Утро пятнадцатого октября прошлого года, я испуганный, с похмелья, еду с цветами на «Бульвар Рокоссовского», в зубах бессмысленные пионы, наверное. Пишу ей:
– Выйди, пожалуйста.
Она выходит зареванная, с Верой, собакой. Муж объелся груш. Даю ей эти цветы.
– Ну не надо. Это совсем уже по-скотски.
– Цветы тоже по-скотски? – выбрасываю. – Да, все по-скотски, Катя. Плакать во время ебли – скотство. Жить тут так и унижаться каждую секунду, чтобы прожить еще одну – скотство. Унизительно все – почему именно это унижение тебя смутило? Сосался с дурой какой-то, ни в чем не виноватой, на балконе. Ты каждый момент гребаной жизни переступаешь через себя и свои принципы. Переступи и сейчас. Ты не сказочная принцесса, я не сказочный принц, мы оба…
– Нет, ты один. Не нравится, как я живу, – забери с собой, люби и потом поговорим.
Я один, и правда. В Печальниках.
Долго мы еще будем разговаривать, интересно? Наверное, бесконечно. Столько, чтобы нам обоим хватило на всю жизнь. Мы наговорим друг другу бесконечное множество слов, таких слов, которыми можно выметать пыль, таких слов, которыми можно накрыться, как одеялом, и таких слов, от которых вскрывается горло, оттуда ком и катится далеко, до самого горизонта, жуком-навозником погоняемый.

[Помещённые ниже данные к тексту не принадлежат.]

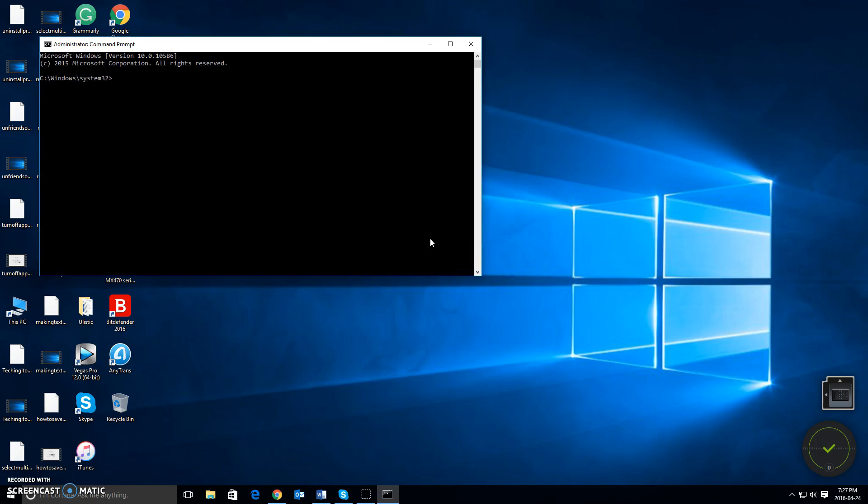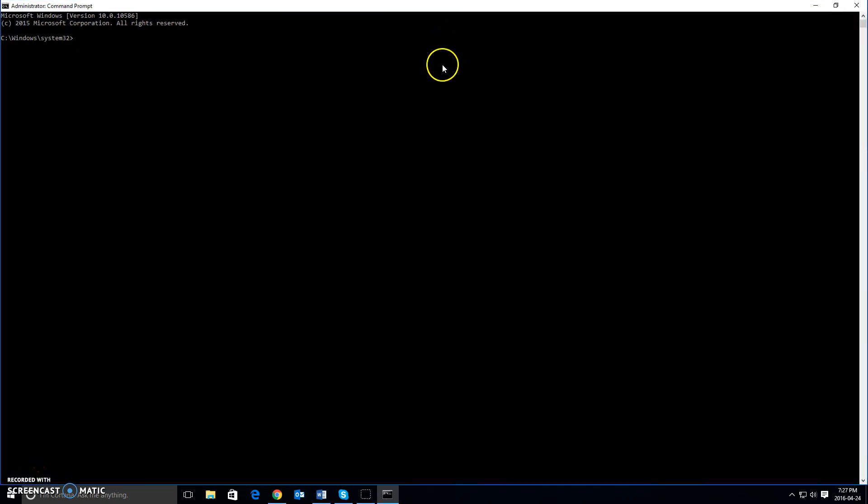And then simply when we get to the command console like so, let me just maximize it so you can see it better. All you have to do is type in the following command.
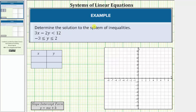We are asked to determine the solution to the system of inequalities. The solution to a system of inequalities is a set of ordered pairs that satisfy all of the inequalities in the system. To indicate the solution, we graph the region on the coordinate plane that contains all the ordered pairs that satisfy all the inequalities in the system. To determine this region, we graph and shade the solution to each inequality in the system, then determine the overlapping region of these solutions.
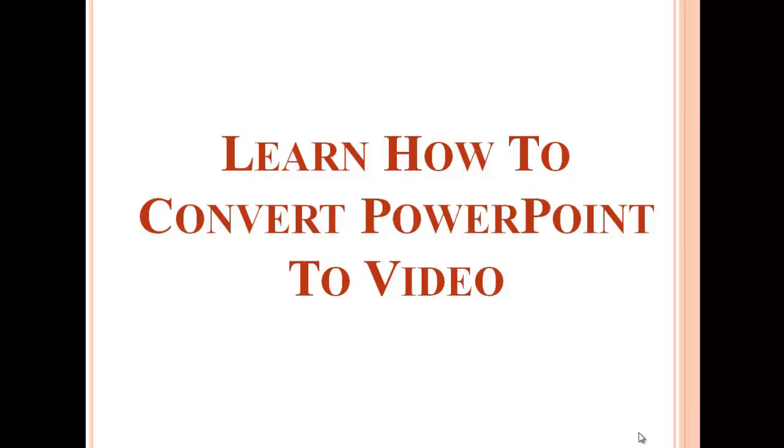Creating a video from a PowerPoint presentation is a breeze. Take a closer look at how you can do this to enjoy sharing it with colleagues or friends more easily.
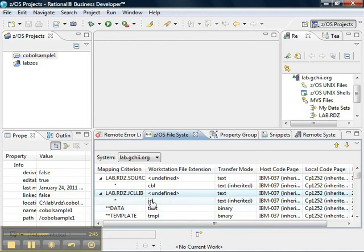So, that is pretty much how you deal with file system mapping in RDZ. Thanks for watching.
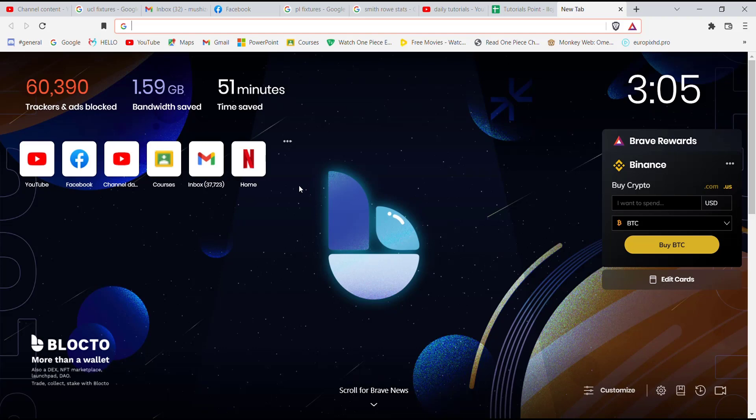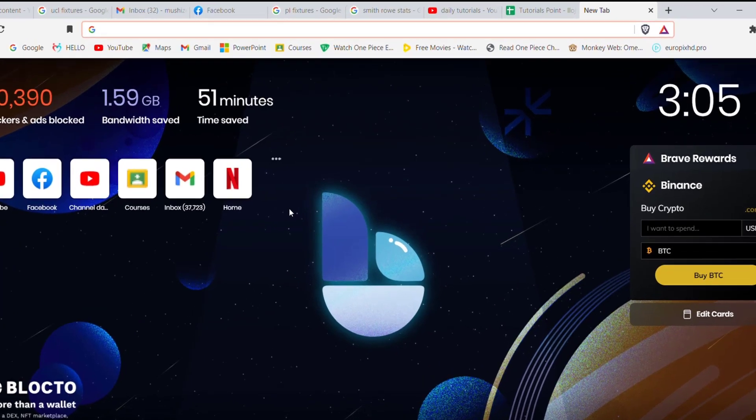First of all, make sure that you're connected to the internet. Once you make sure that you're connected to the internet, open up a web browser.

Дождь заканчивался, и бил колокол, завтра, видимо, понедельник.
Мне хотелось бы зайти в монастырь. И ведь нет никакого смысла в хождении к Богу, если Бога для тебя давно нет. Когда-то он был.
Я говорил с ним.
В нашем городе не было церквей, которые стучали по утрам и вечерам в эту железную бандуру, потому я, маленький, молился по гудкам машин. Мы спали, ели, ходили в душ, разговаривали об учебе и работе, коллекционировали документы и медицинские карточки на восьмом этаже около полуживой дороги; и ночью, начиная где-то с нулей до часу, их становилось значительно меньше, я отсчитывал почему-то двенадцать гудков и шел тихо, по паркету, креститься по-детски, боясь ошибиться, бубнить «Отче наш».
И единственный поп, которого я помню, – это пьющий батюшка Алексий на «девятке», с животом таким византийским и голосом как у старшины. Мы с ним не говорили ни о чем, но я любил его чуть-чуть, насколько мог.
Сейчас мне, видимо, надо идти туда, где Катя разглядывала фрески, в широких штанах и в чепчике, высоко задирая голову. Когда глаза ее, как долька мандарина, втыкали на верхний ряд алтаря, зрачки цвета болота касались верхнего века, она что-то думала, или сквозняк в ее голове превращал лицо Катино, и так не особо жизнерадостное, в печальную Мать Марию, что ровно так же под тем же углом глядела на распятого Христа.
Я стою у тех же фресок, там та же бабулька в припадке долбит головой о мрамор, тот же самый голос безэмоционально талдычит «аллилуйя, аллилуйя, аллилуйя».
С меня течет дождь, тихо стучит по полу, вместе с бабкой молится за меня. Я чувствую, как страшно хочется есть и как урчит живот.
Попы проходят мимо, окучивая кадилом всякого, меня тоже.
И мы все здесь за этим – и старушки, и тот мужик с кепкой в руке и ступнями на ширине плеч. Такая мужицкая стойка, которая как у вспотевших каторжан, – он снимает головной убор, волосы дыбятся и воняют сажей, скорее всего, чем-то проще, но мне хочется думать, что сажей, – вот он стоит и смотрит куда-то сквозь алтарь, алтарную стену, сквозь попа, мимо кадила, и неясно, где останавливается его взгляд, на первой школьной любви или в голове ветродуй, что тушит все свечи, и лучше молчать и креститься, иногда пришептывая «аллилуйя, аллилуйя, аллилуйя». Такой взгляд был у моего папы в Каире, когда он твердо решил опереться на камень желаний.